Merge pull request kubernetes#1609 from arjunrn/hpa-pod-resource-granularity

k8s-ci-robot · web-flow · commit d7306177022e · 2020-04-03T02:05:46.000-07:00
KEP for HPA scaling based on container resources
diff --git a/keps/sig-autoscaling/0001-container-resource-autoscaling.md b/keps/sig-autoscaling/0001-container-resource-autoscaling.md
@@ -0,0 +1,309 @@
+---
+title: Container Resource based Autoscaling
+authors:
+  - "@arjunrn"
+owning-sig: sig-autoscaling
+reviewers:
+  - "@josephburnett"
+  - "@mwielgus"
+approvers:
+  - "@josephburnett"
+creation-date: 2020-02-18
+last-updated: 2020-02-18
+status: provisional
+---
+
+# Kubernetes Enhancement Proposal Process
+
+## Table of Contents
+
+<!-- toc -->
+- [Summary](#summary)
+- [Motivation](#motivation)
+  - [Goals](#goals)
+  - [Non-Goals](#non-goals)
+- [Proposal](#proposal)
+  - [User Stories](#user-stories)
+    - [Multiple containers with different scaling thresholds](#multiple-containers-with-different-scaling-thresholds)
+    - [Multiple containers but only scaling for one.](#multiple-containers-but-only-scaling-for-one)
+    - [Add container metrics to existing pod resource metric.](#add-container-metrics-to-existing-pod-resource-metric)
+  - [Risks and Mitigations](#risks-and-mitigations)
+- [Design Details](#design-details)
+  - [Test Plan](#test-plan)
+  - [Graduation Criteria](#graduation-criteria)
+  - [Upgrade/Downgrade Strategy](#upgradedowngrade-strategy)
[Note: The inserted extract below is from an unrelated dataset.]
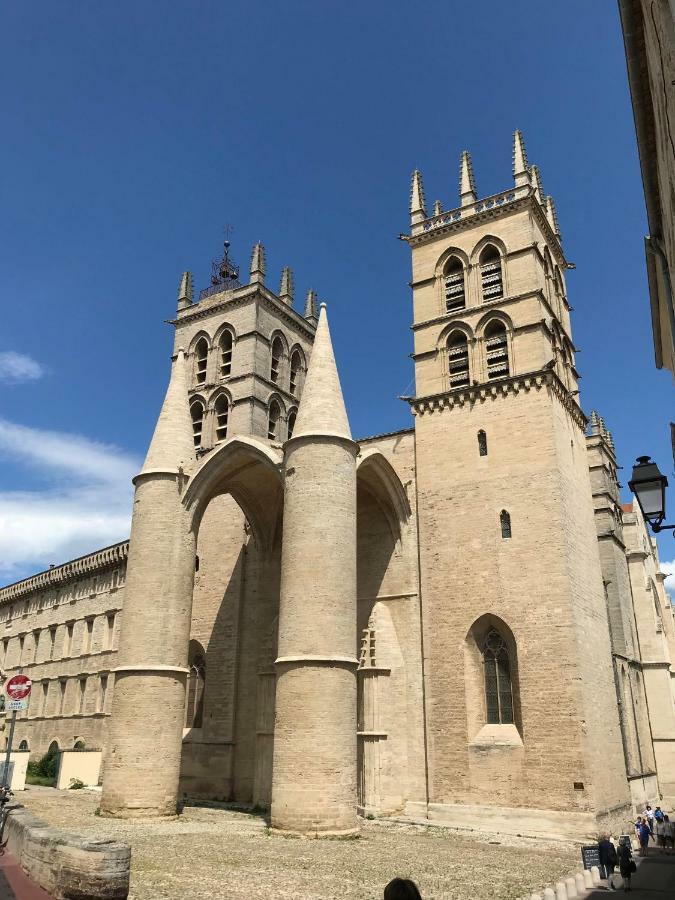 Superbe! Loft T3 -Ctre Historic- Prox. Place Comedie Montpellier Luaran gambar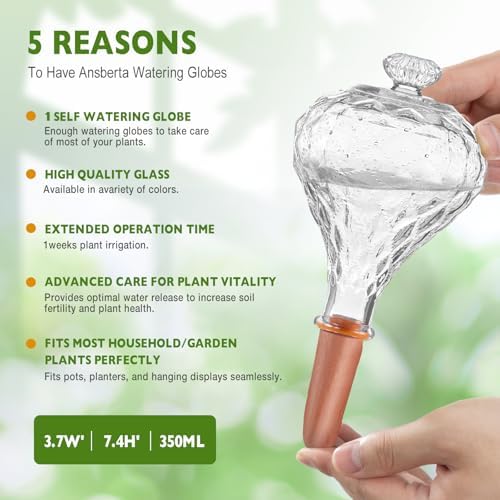 12 oz Plant Watering Globes, Clear Glass Self Watering Bulbs Top Fill with Terracotta Spikes Stake, Self Watering Planter Insert Vacation Automatic Plant Waterer Device for Indoor & Outdoor 2Pack - Image 3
+- [Implementation History](#implementation-history)
+<!-- /toc -->
+
+## Summary
+
+The Horizontal Pod Autoscaler supports scaling of targets based on the resource usage
+of the pods in the target. The resource usage of pods is calculated as the sum
+of the individual container usage values of the pod. This is unsuitable for workloads where
+the usage of the containers are not strongly correlated or do not change in lockstep. This KEP
+suggests that when scaling based on resource usage the HPA also provide an option
+to consider the usages of individual containers to make scaling decisions.
+
+## Motivation
+
+An HPA is used to ensure that a scaling target is scaled up or down in such a way that the
+specificed current metric values are always maintained at a certain level. Resource based
+autoscaling is the most basic approach to autoscaling and has been present in the HPA spec since `v1`.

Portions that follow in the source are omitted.